Bug #29021	Cluster failure on node recovery.
Submitted:	11 Jun 2007 16:19	Modified:	29 Feb 2008 11:27
Reporter:	Matthew Montgomery	Email Updates:
Status:	No Feedback	Impact on me:	None
Category:	MySQL Cluster: Cluster (NDB) storage engine	Severity:	S2 (Serious)
Version:	5.1.4-a_drop5p19	OS:	Linux (2.6.18-8.el5)
Assigned to:		CPU Architecture:	Any
Tags:	cluster, president

Description:
Config : 10 data node cluster.  (5 groups of 2)
C=3, D=4, E=5, F=6, M=7, N=8, O=9, P=10, Q=11, R=12

Stations D, F, N, P, R are stopped.

Node 4 attempts recovery and fails in phase 1.
Node 3 is 'president'.
Node 3 dies as Node 4 dies.

Cluster fails as all nodes in group 1 dead.

Node 4 repeated Qmgr::execNODE_VERSION_REP a few dozen times then executed Qmgr::execCM_NODEINFOCONF which is the point at which it crashes.

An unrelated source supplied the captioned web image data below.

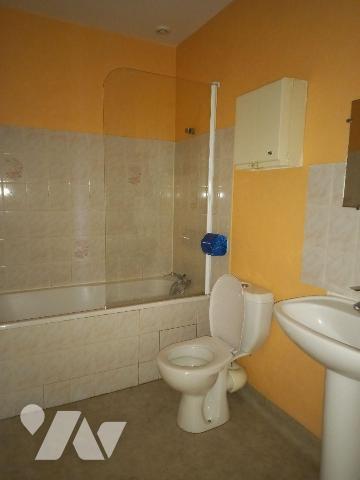 ERNEE Maison de 68 m² habitables comprenant:
- Au rez-de-chaussée : pièce de vie / cuisine de ...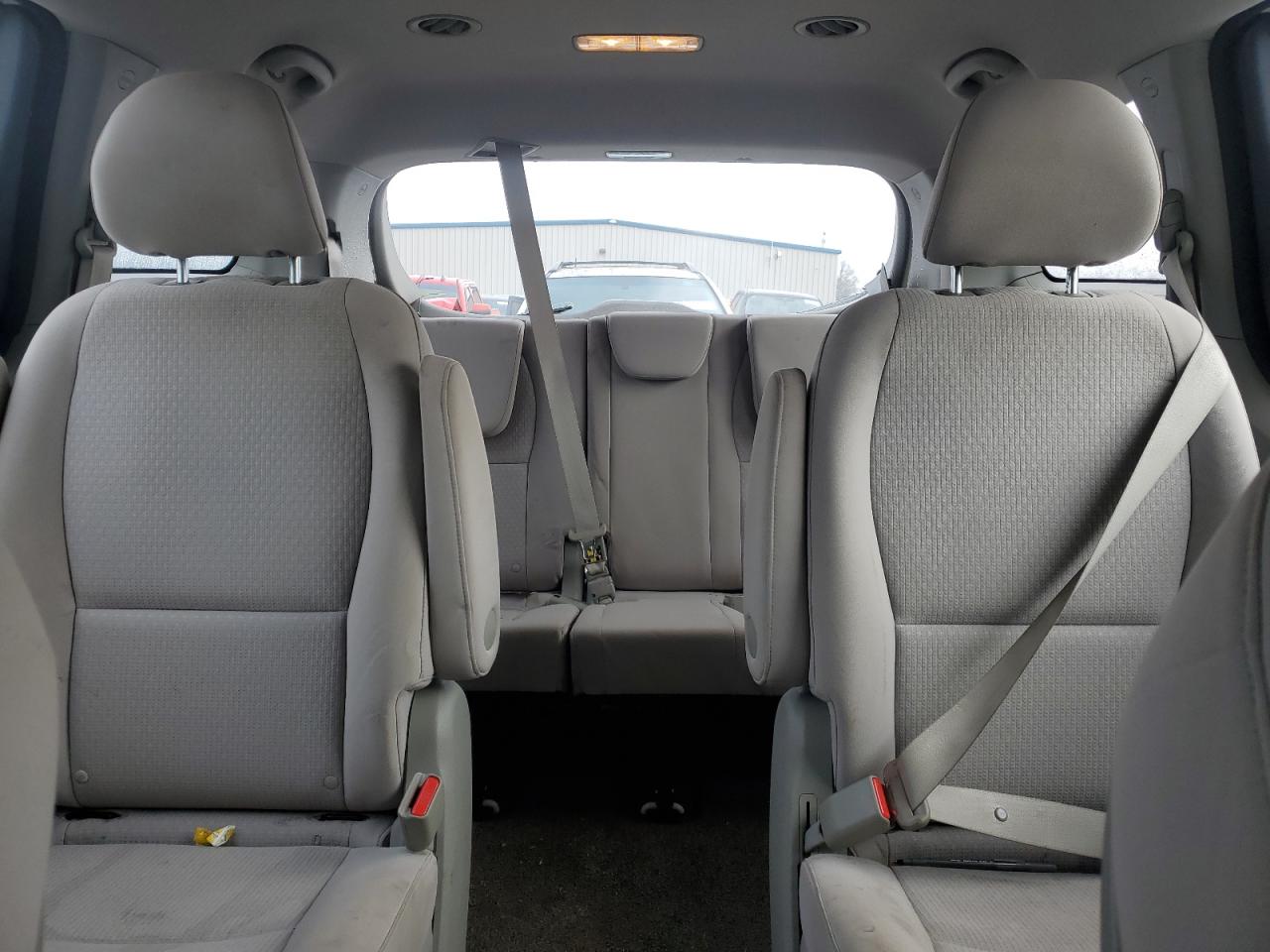 2016 Kia Sedona - Image 10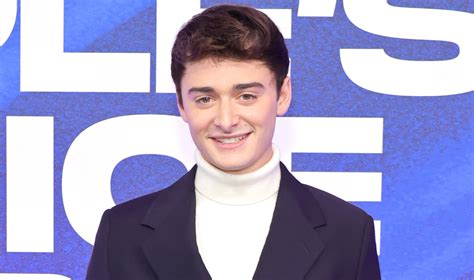 stranger things star noah schnapp proudly comes out as gay in tiktok video altabears place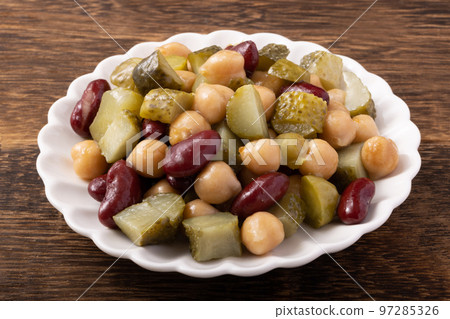 五顏六色的醃泡菜和豆類 五顏六色的醃泡菜和豆類 97285326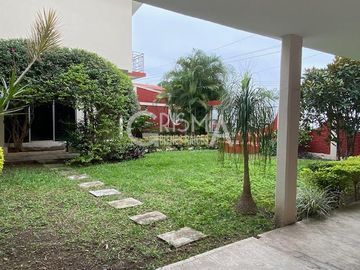 AMPLIA CASA EN VENTA EN COL. JARDINES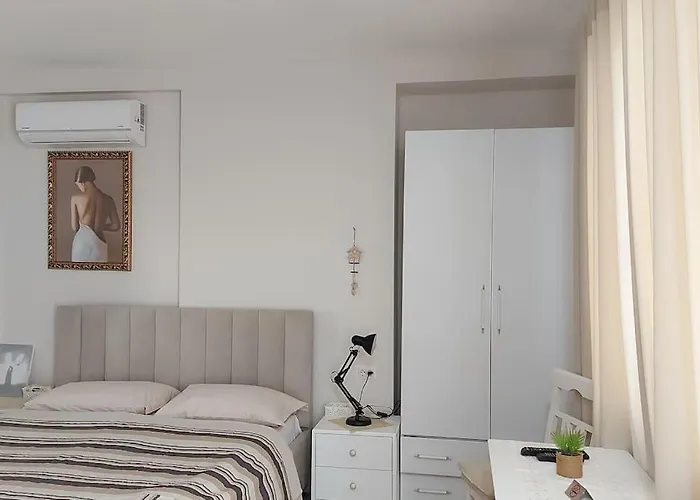 Tranquil Oasis For Two Appart hôtel Selitë e Vogël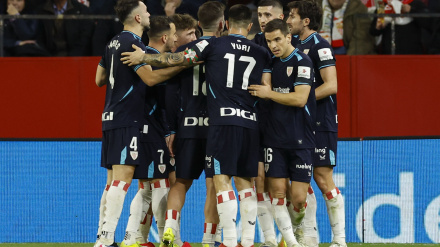 Los jugadores del Athletic Club celebran su gol contra el Sevilla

Node 3 dies in Qmgr::execCM_ACKADD

Trace files for this crash are included with associated csc issue.

How to repeat:
.

Suggested fix:
.

No feedback was provided for this bug for over a month, so it is
being suspended automatically. If you are able to provide the
information that was originally requested, please do so and change
the status of the bug back to "Open".